Another biological difference is hormonal. Developing male fetuses experience an extra wash of testosterone at six weeks of gestation. This has been argued by some to explain the particular “systematizing” nature of male minds; but some females also experience extra exposure to testosterone in utero, a condition called congenital adrenal hyperplasia (CAH). Such girls are born with ambiguous or male genitalia, even though they are genetically female. They have not been documented to be more analytical or mathematical than other girls.

CAH girls have, however, shown a stronger preference for “male” things like trucks and sports, and less interest in “female” things like pink dresses. This, Fine argues, is likely, at least in part, the result of socialization from parents and peers, the topic to which she turns in Part 3. A parent herself of two sons, Fine takes on the notion that parents can raise their children in gender-neutral ways, and still see inherent gender differences assert themselves in a child’s interests, toys, friends, skills, and ambitions. Using studies of birth announcements and expecting mothers who know — or don’t know — the sex of their child, Fine argues that even progressive parents have culturally-determined expectations based on their offspring’s gender. Parents express more pride in birth announcements for boys; more happiness in birth announcements for girls. Expecting mothers speak more soothingly to female babies in utero, more forcefully and in lower tones to male babies. This continues after birth, when parents spend more time “babying” their infant daughters, apparently expecting infant sons to be more independent.

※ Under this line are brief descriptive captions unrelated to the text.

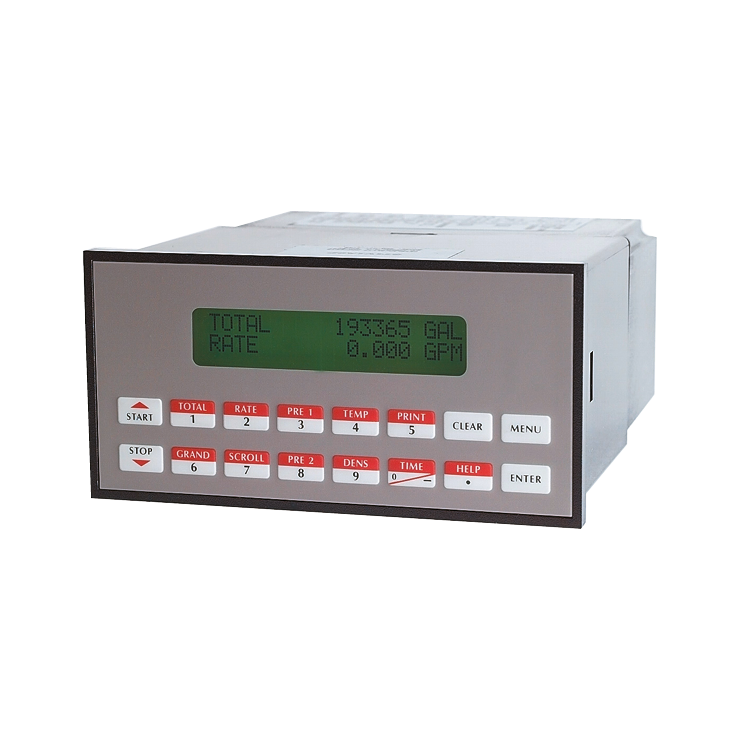 NUFLO Batch Controllers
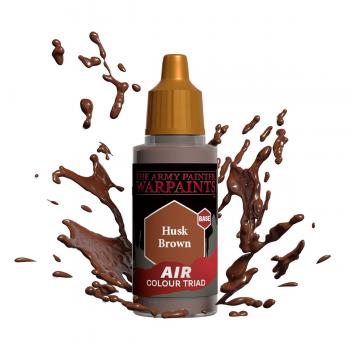 Army Painter AW3122 Warpaints Air - Husk Brown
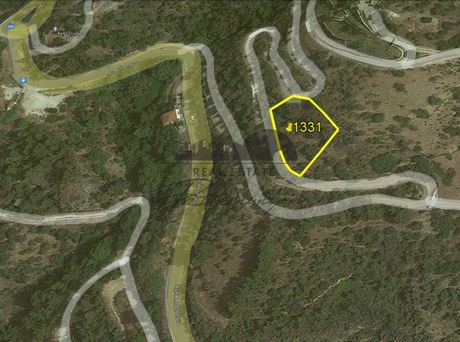 Parcel 1.331sqm for sale-Iolkos » Ano Volos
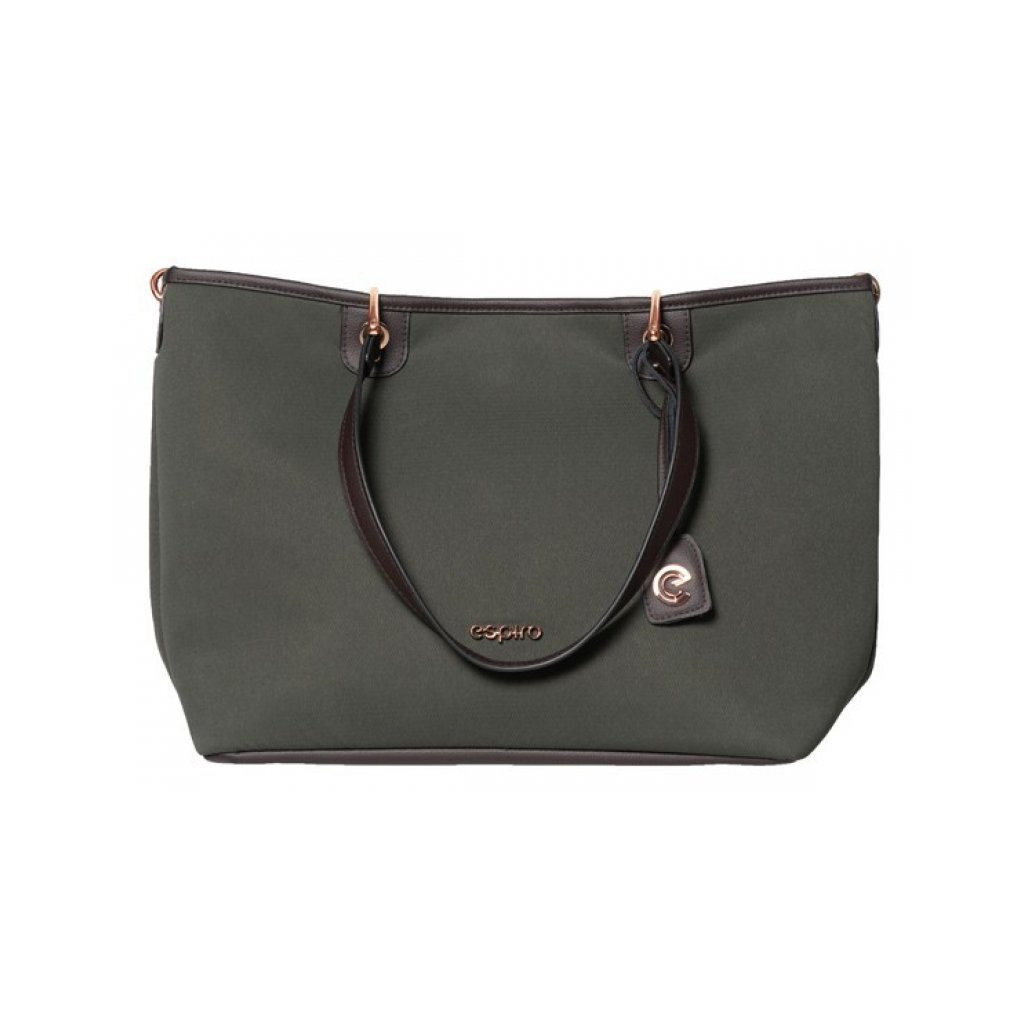 Коляска Espiro 2 в 1 Miloo 2025 209 Charming Touch (5905683801089) - зображення 4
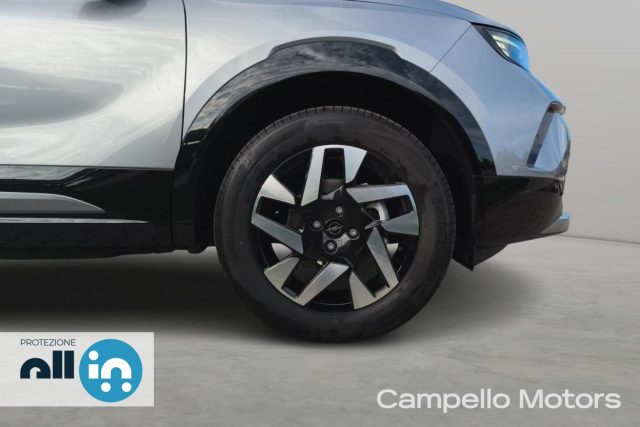 OPEL Mokka usata 18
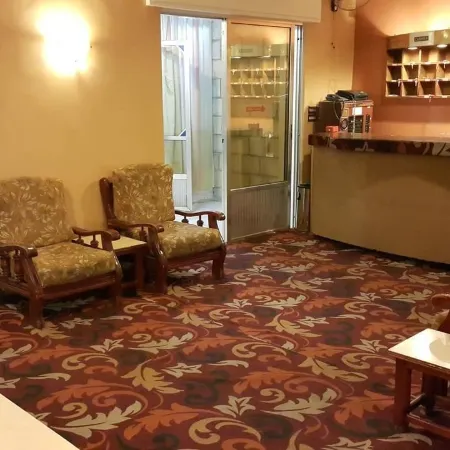 Nefertiti Hotel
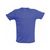 Camiseta Adulto Tecnic Plus - Azul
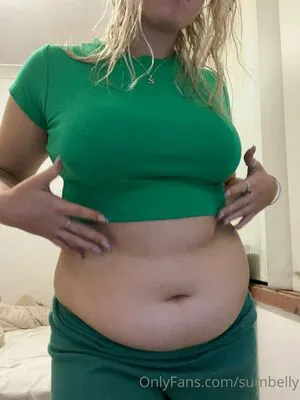 Sumbelly OnlyFans Leaked Free Thumbnail Picture - #l6EEHnkwPH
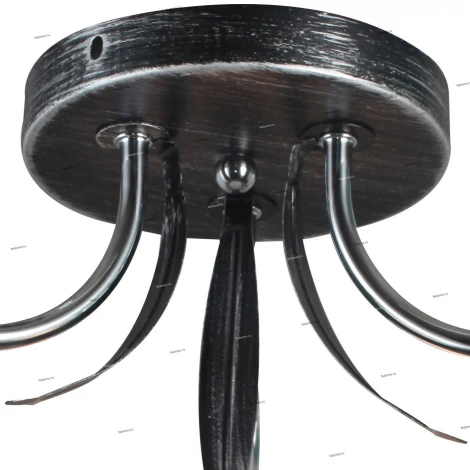 Потолочная люстра J-Light 1255 1255/3C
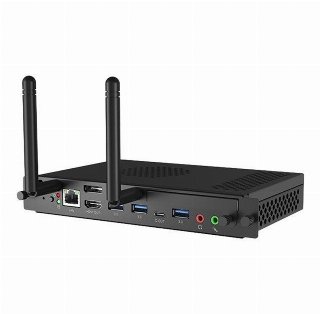 Avocor - slot-in digital signage player - Mini PC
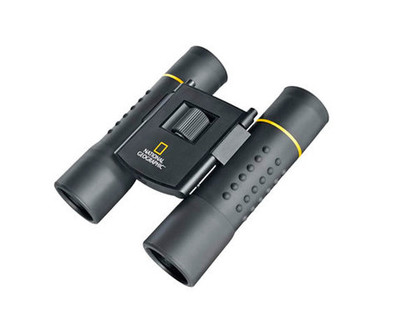 Бинокль Bresser National Geographic 10x25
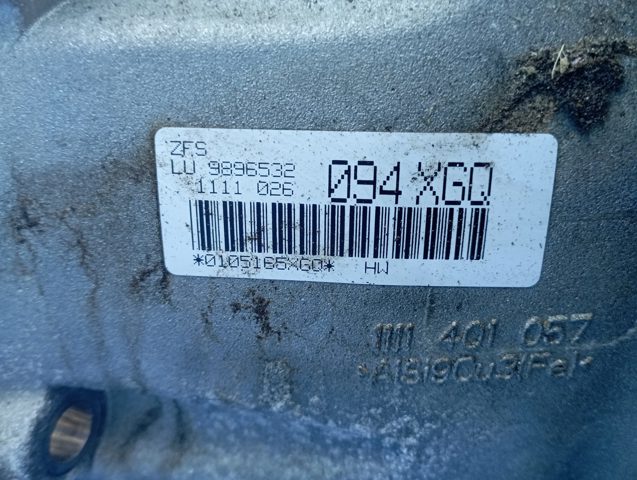 24005B53553 BMW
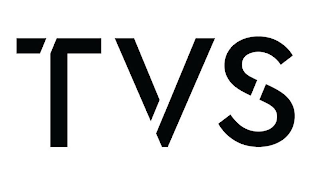 TVS logo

Young children in fact quickly learn not only through what parents say, but what parents do — and teachers, day-carers, relatives, peers, etc, etc. Unconscious clues about what toys to play with, what colors to wear, and how to primarily identify oneself (think of all those birth announcements, “It’s a Girl!”) tell young children not only that gender matters, but what’s expected of the members of each gender. Even if parents take herculean measures to treat their child in a gender-neutral way, to anesthize them to gender lessons in television, books, and advertizing, once a child reaches school-age, peers quickly socialize one another into doing what’s appropriate for their gender. Often this can be perfectly blunt: “Boys don’t wear barretts!” “Girls don’t play with guns!” Studies of preschool children show, for instance, that peer pressure strongly influences their play choices. When no one is around to watch, little boys will play more with dolls; little girls will play more with fire engines. Children are also sensitive to gendered coding: when My Little Ponies were masculinized with butch haircuts and scary teeth, the boys in one study were happy to play with them. Little girls in the same study were entranced by pink guns and purple plush army helmets, suggesting that children care not so much about the content of their toys, but that they be perceived playing with the “right” toys for their gender.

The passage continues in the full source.